THE INPUT:
____
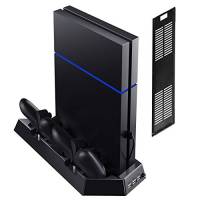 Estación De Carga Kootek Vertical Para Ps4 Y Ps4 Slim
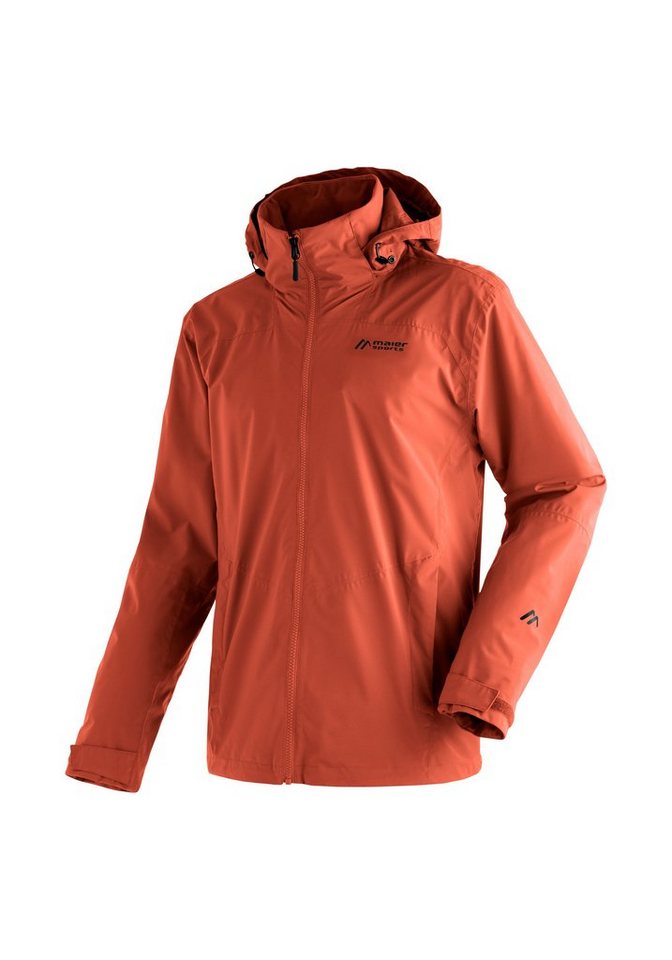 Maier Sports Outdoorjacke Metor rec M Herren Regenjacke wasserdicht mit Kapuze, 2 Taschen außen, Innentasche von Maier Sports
____
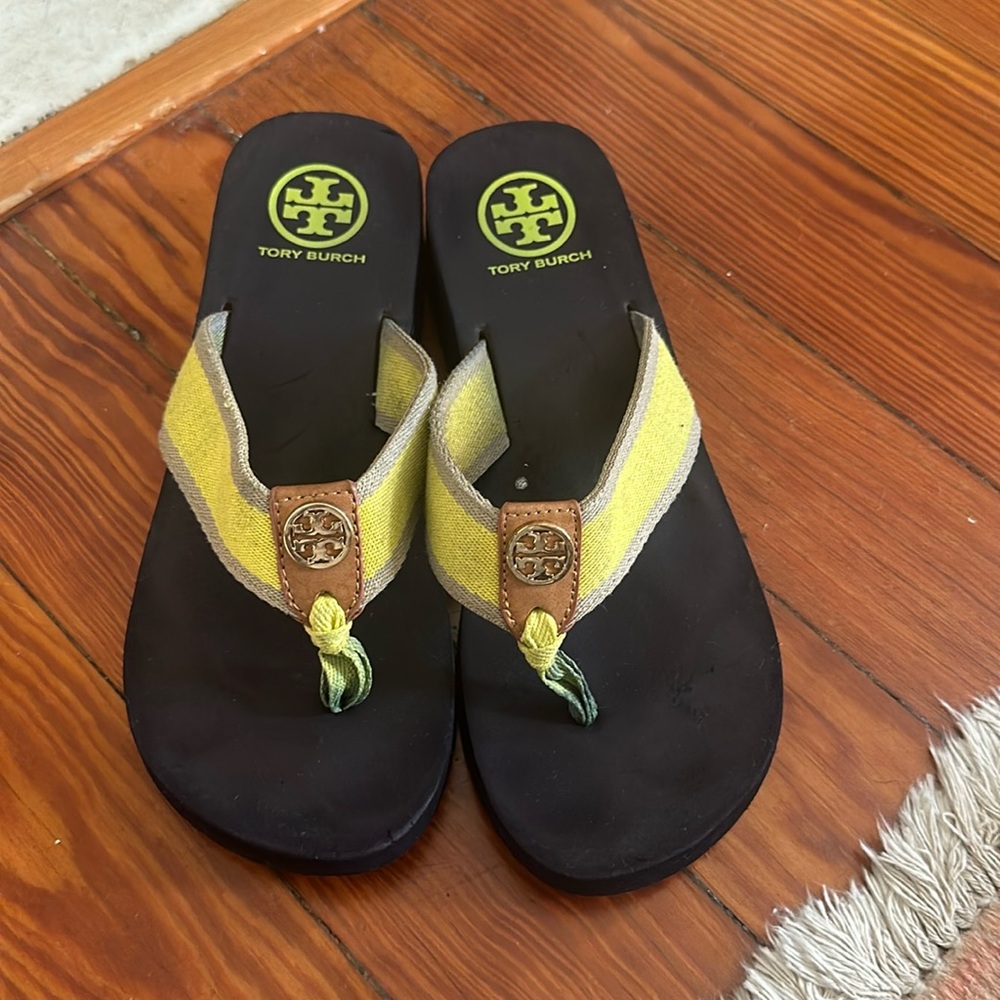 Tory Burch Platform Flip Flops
____
DIRECTIONS: Using the records above, print exactly the lines between the ones containing "Estación De Carga" and "Maier Sports Outdoorjacke", inclusive, and nothing else; no pictures.

SOLUTION TO THIS EXERCISE:
 Estación De Carga Kootek Vertical Para Ps4 Y Ps4 Slim
 Maier Sports Outdoorjacke Metor rec M Herren Regenjacke wasserdicht mit Kapuze, 2 Taschen außen, Innentasche von Maier Sports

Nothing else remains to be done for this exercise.